TASK STATEMENT: Across the whole listing, return each line exactly, with no images included.

SOURCE MATERIAL:
BEGIN
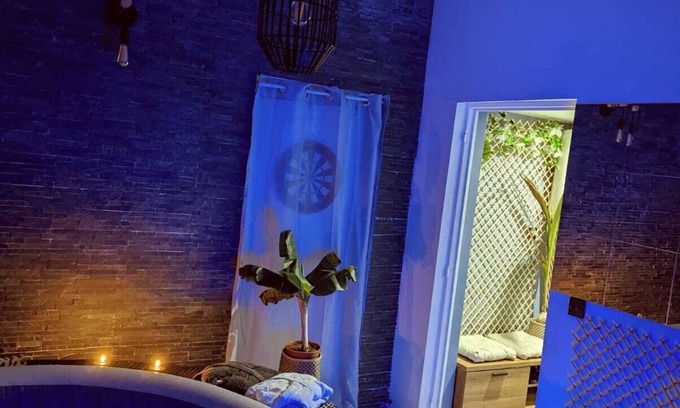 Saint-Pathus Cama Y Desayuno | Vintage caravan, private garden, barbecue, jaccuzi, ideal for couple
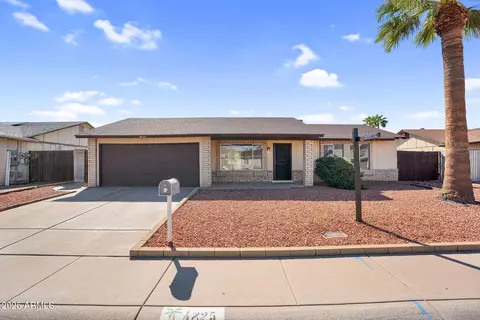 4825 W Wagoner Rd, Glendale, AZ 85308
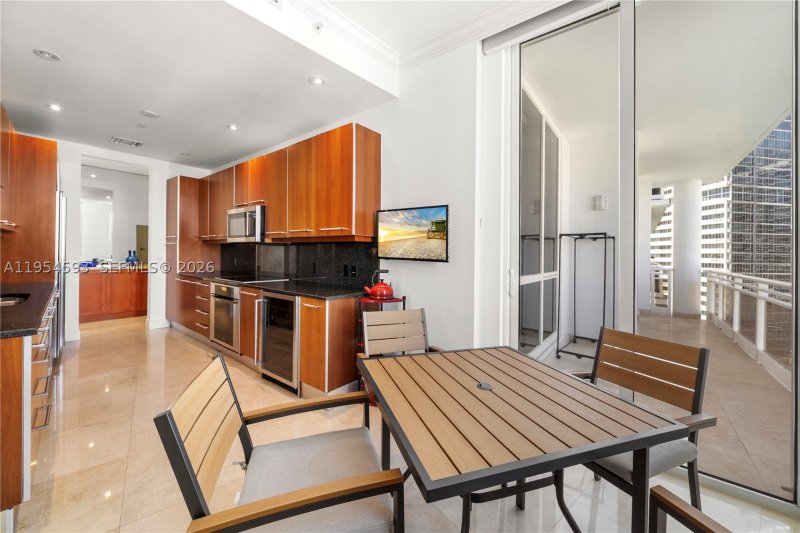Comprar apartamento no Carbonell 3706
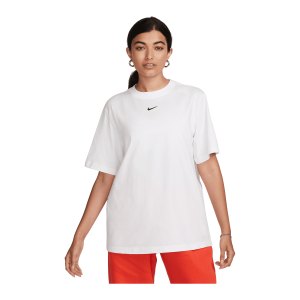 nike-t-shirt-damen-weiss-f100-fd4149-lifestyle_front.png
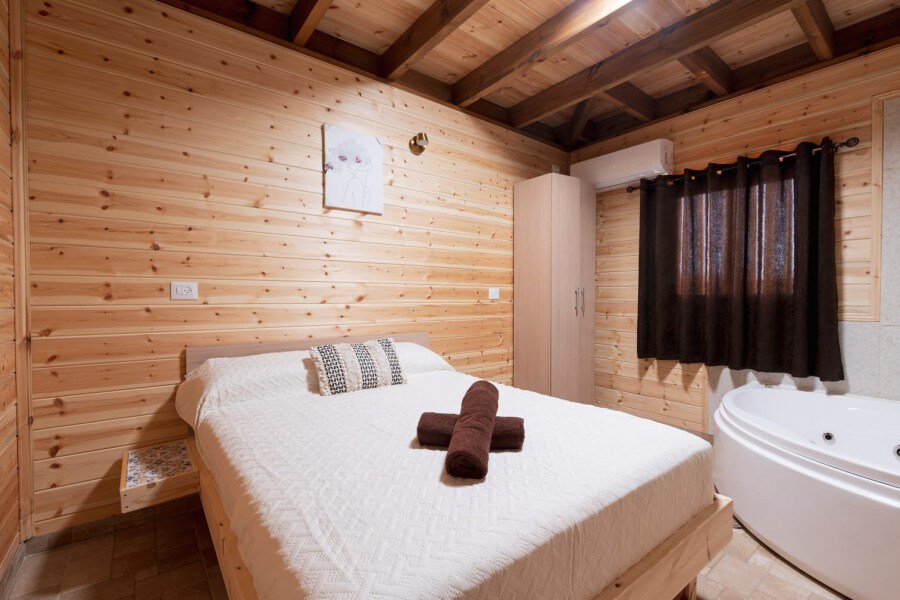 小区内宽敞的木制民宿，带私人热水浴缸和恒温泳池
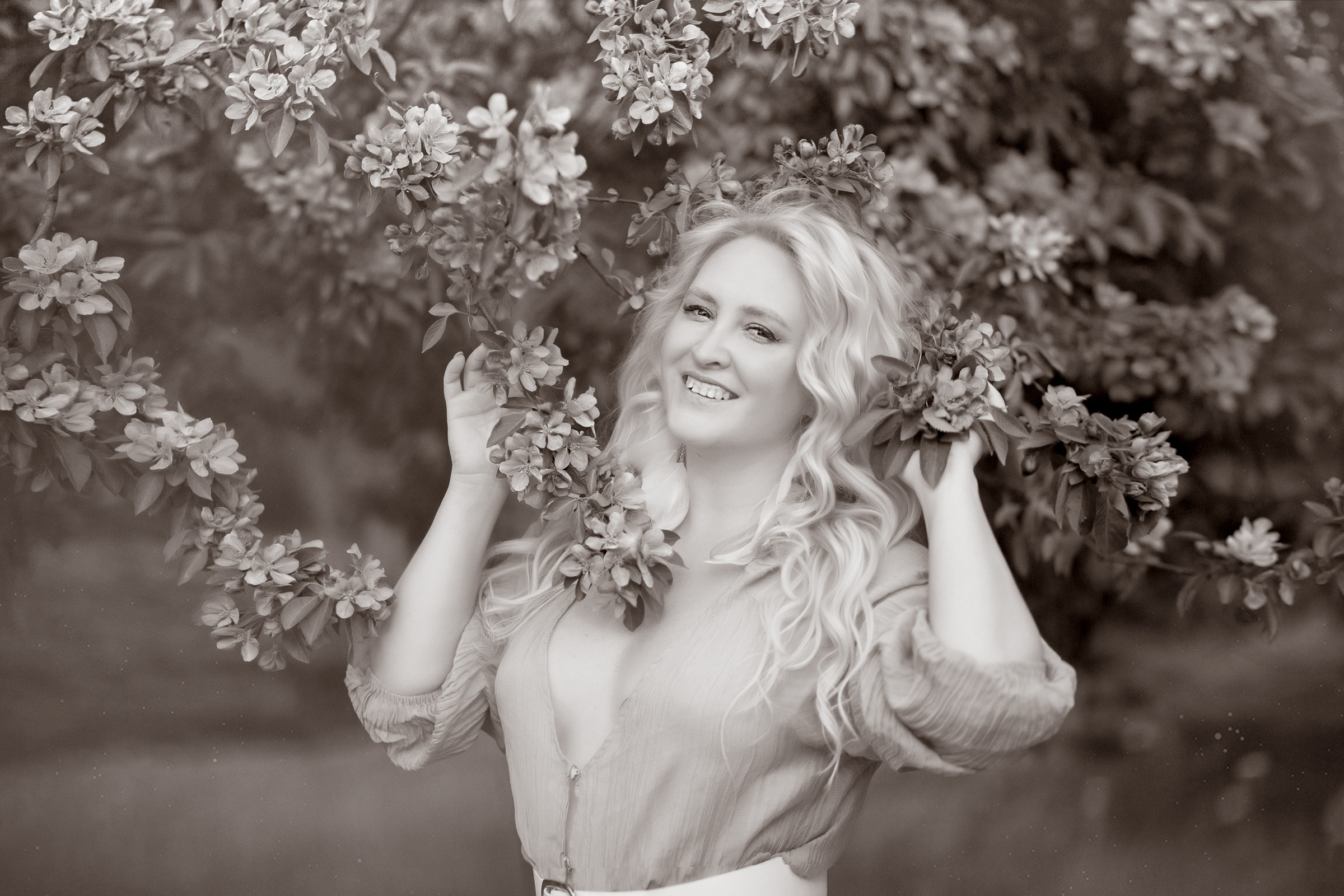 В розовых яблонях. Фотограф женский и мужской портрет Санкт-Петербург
END
SOLUTION TO THIS EXERCISE:
 Saint-Pathus Cama Y Desayuno | Vintage caravan, private garden, barbecue, jaccuzi, ideal for couple
 4825 W Wagoner Rd, Glendale, AZ 85308
Comprar apartamento no Carbonell 3706
 nike-t-shirt-damen-weiss-f100-fd4149-lifestyle_front.png
 小区内宽敞的木制民宿，带私人热水浴缸和恒温泳池
 В розовых яблонях. Фотограф женский и мужской портрет Санкт-Петербург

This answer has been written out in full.